• WHAT THIS TASK INVOLVES: Go through the records and restate them word for word, omitting images.

□ □ □ □

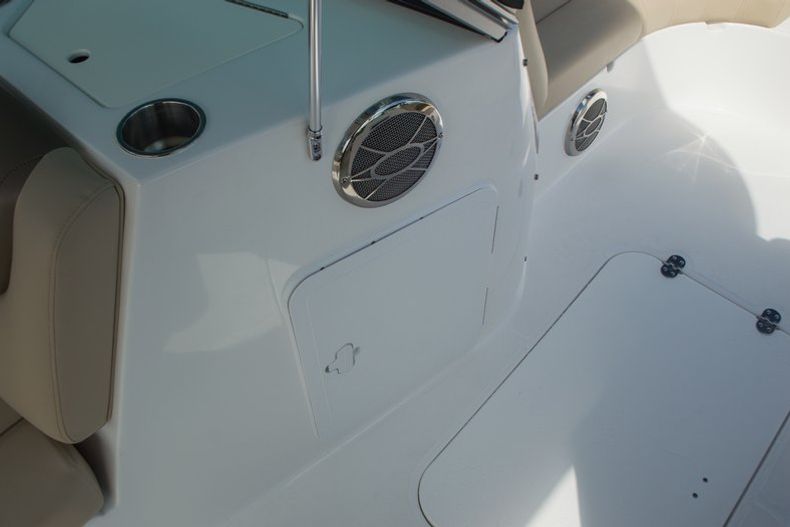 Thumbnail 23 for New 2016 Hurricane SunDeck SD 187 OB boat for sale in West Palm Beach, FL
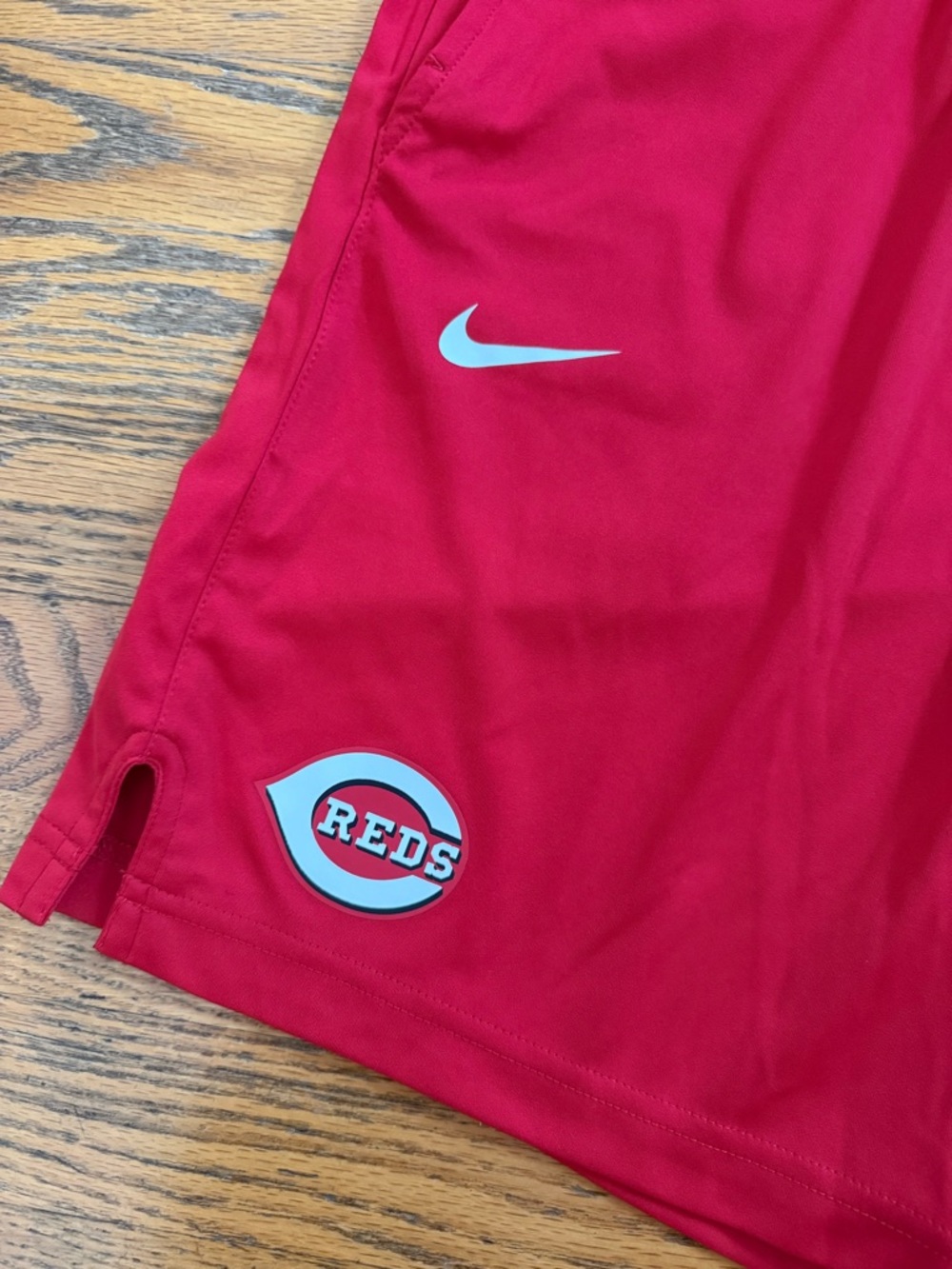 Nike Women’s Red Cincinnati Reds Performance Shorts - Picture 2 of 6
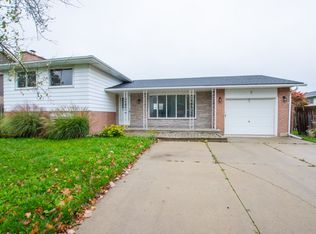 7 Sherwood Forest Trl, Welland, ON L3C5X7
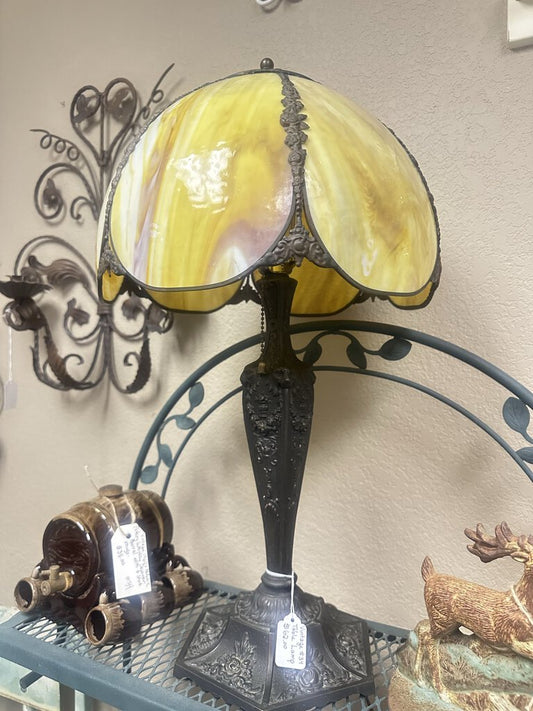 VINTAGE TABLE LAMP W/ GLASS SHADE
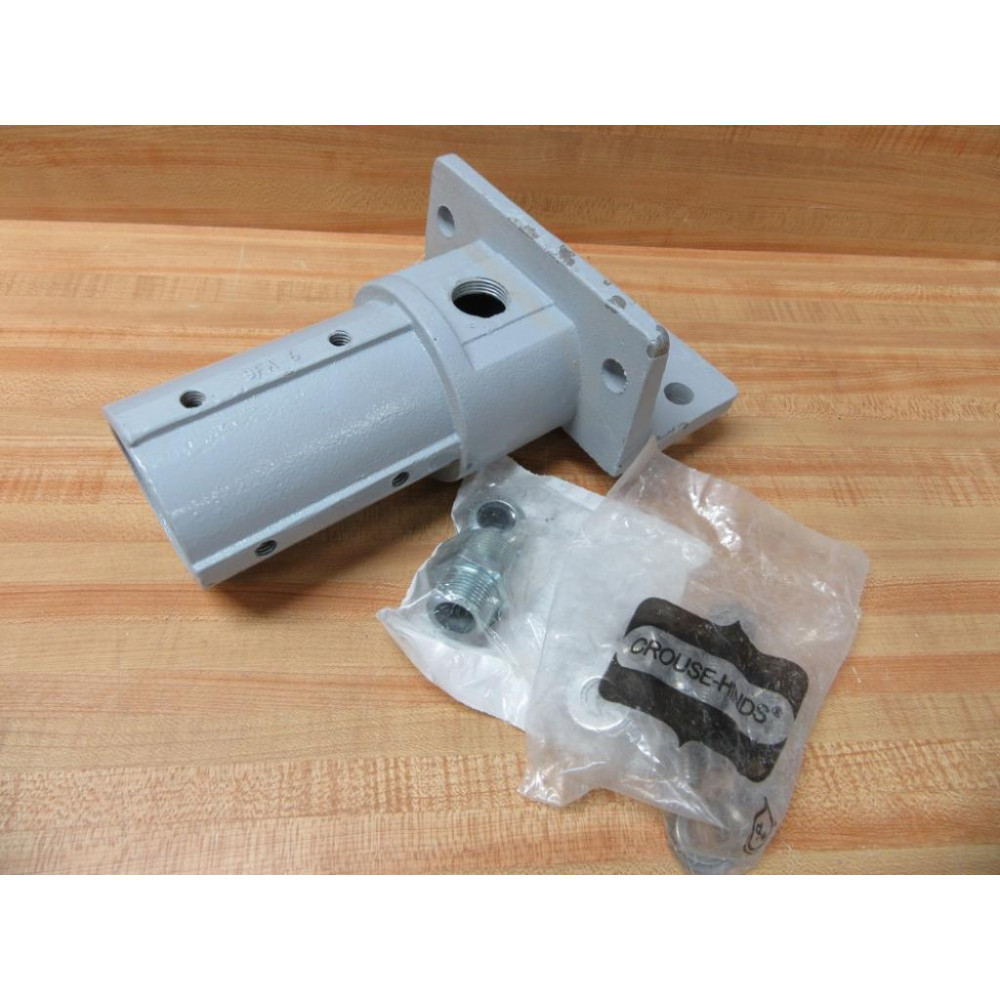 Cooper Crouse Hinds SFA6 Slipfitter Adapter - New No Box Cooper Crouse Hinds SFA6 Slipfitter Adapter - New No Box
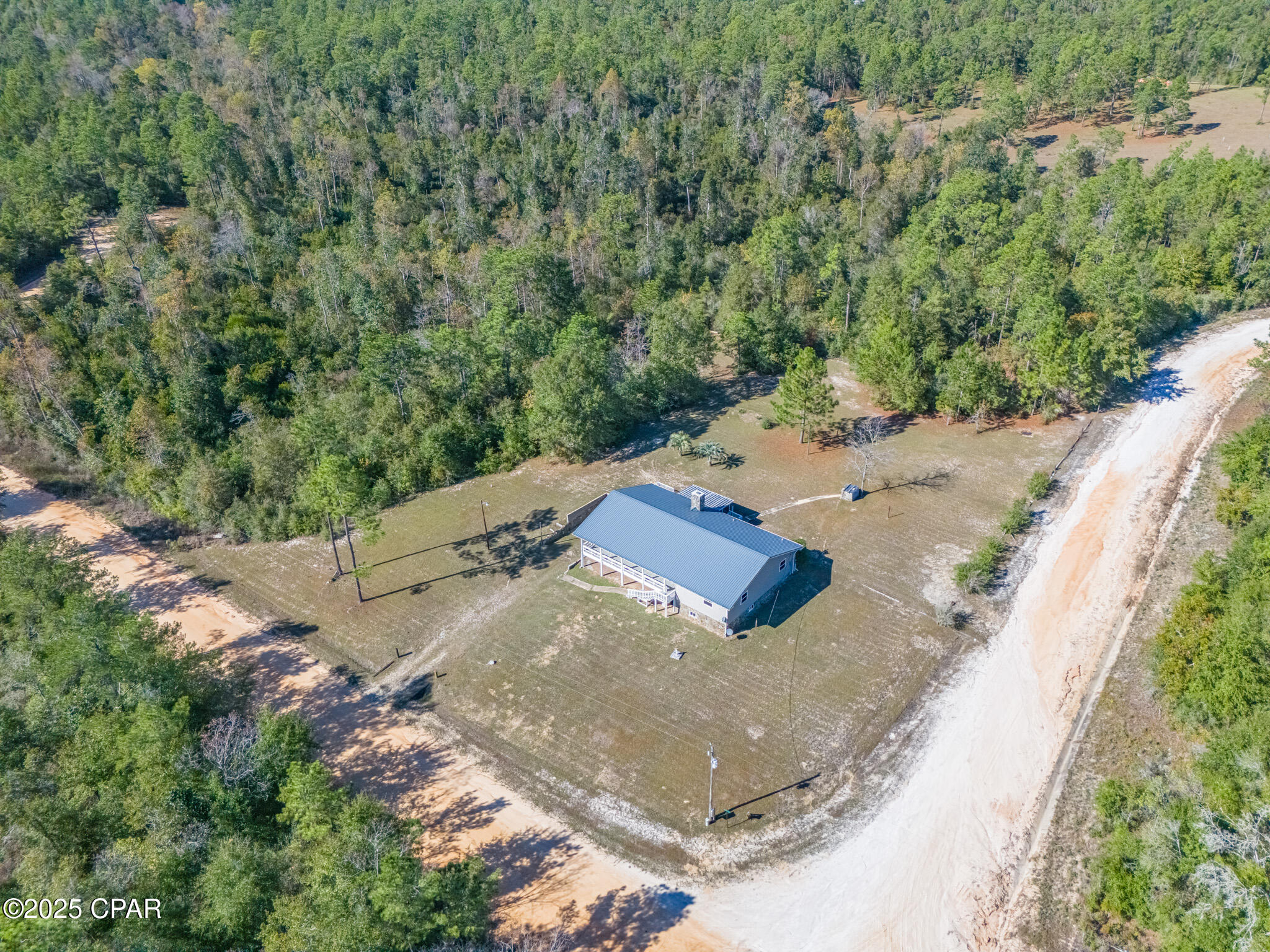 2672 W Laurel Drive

□ □ □ □

• YOUR SOLUTION:
 Thumbnail 23 for New 2016 Hurricane SunDeck SD 187 OB boat for sale in West Palm Beach, FL
 Nike Women’s Red Cincinnati Reds Performance Shorts - Picture 2 of 6
 7 Sherwood Forest Trl, Welland, ON L3C5X7
 VINTAGE TABLE LAMP W/ GLASS SHADE
 Cooper Crouse Hinds SFA6 Slipfitter Adapter - New No Box Cooper Crouse Hinds SFA6 Slipfitter Adapter - New No Box
 2672 W Laurel Drive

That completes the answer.